Finally, we can train the model. We define a callback that will compute the metric rouge-L after each epoch. The results will be calculated on the validation_dataset dataset.

For our running this notebook during our session class, we will only use three epochs. However, we recommend training the model with all the dataset and with at least 5 epochs (tought you may need to run it using Google Colab Pro!!!). 

In [31]:
from transformers.keras_callbacks import KerasMetricCallback

metric_callback = KerasMetricCallback(
    compute_metric, eval_dataset=validation_dataset, 
    predict_with_generate=True, label_cols=['labels'])

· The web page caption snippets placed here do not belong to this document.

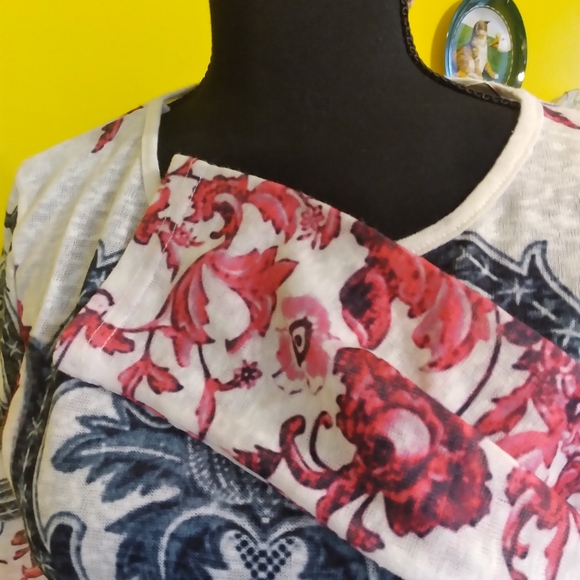 Nancy Yang Blue & Red Print Top ⚘️ - Picture 4 of 8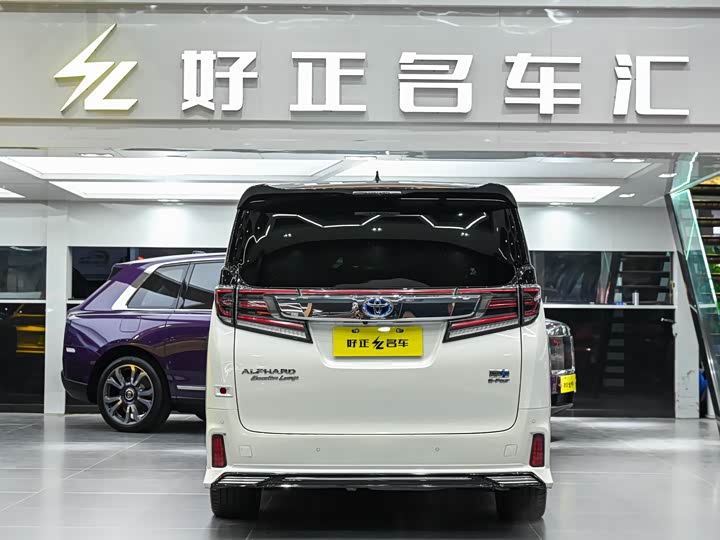 Фото 7 - Toyota Alphard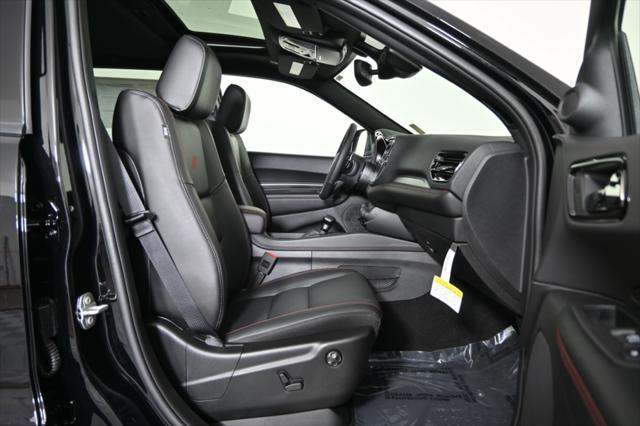 Photo of 2025 DB Black Crystal Clearcoat Dodge Durango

MAX_EPOCHS = 3 # we recommend at least 5 epochs

model.fit(train_dataset, validation_data=validation_dataset, epochs=MAX_EPOCHS, callbacks=[metric_callback])

Epoch 1/3



Epoch 2/3
Epoch 3/3


<keras.callbacks.History at 0x7fe4c3a2d9d0>

## Inference
You can directly use the model to generate the summary for some text from the test dataset (or any another text). To do this, we create a pipeline object containing the model and the tokenizer.

In [32]:
from transformers import pipeline
MIN_TARGET_LENGTH = 5
summarizer = pipeline("summarization", model=model, tokenizer=tokenizer, framework="tf")

summarizer(
    dataset["test"][0]["document"],
    min_length=MIN_TARGET_LENGTH,
    max_length=MAX_TARGET_LENGTH,
    # max_new_tokens=MAX_TARGET_LENGTH,
)

[{'summary_text': 'Leicester drew 2-2 with Leicester in the Premier League on saturday in the second half of the season.'}]

In [33]:
dataset["test"][0]["summary"]

'Premier League top scorer Jamie Vardy scored twice as Leicester came from 2-0 down to draw at Southampton.'

## Evaluation
We also want to provide some final scores about our model on the test dataset. First, we use the pipeline to generate a summary for each text in the test dataset. 

In [34]:
generated_summaries =summarizer(dataset["test"]["document"], truncation=True, min_length=MIN_TARGET_LENGTH, max_length=MAX_TARGET_LENGTH)
generated_summaries

Your max_length is set to 128, but you input_length is only 91. You might consider decreasing max_length manually, e.g. summarizer('...', max_length=45)


In [35]:
# we save into a list
generated_summaries=[example['summary_text'] for example in generated_summaries]
# we calculate the rouge L metrics:
result = rouge_L(dataset["test"]["summary"], generated_summaries)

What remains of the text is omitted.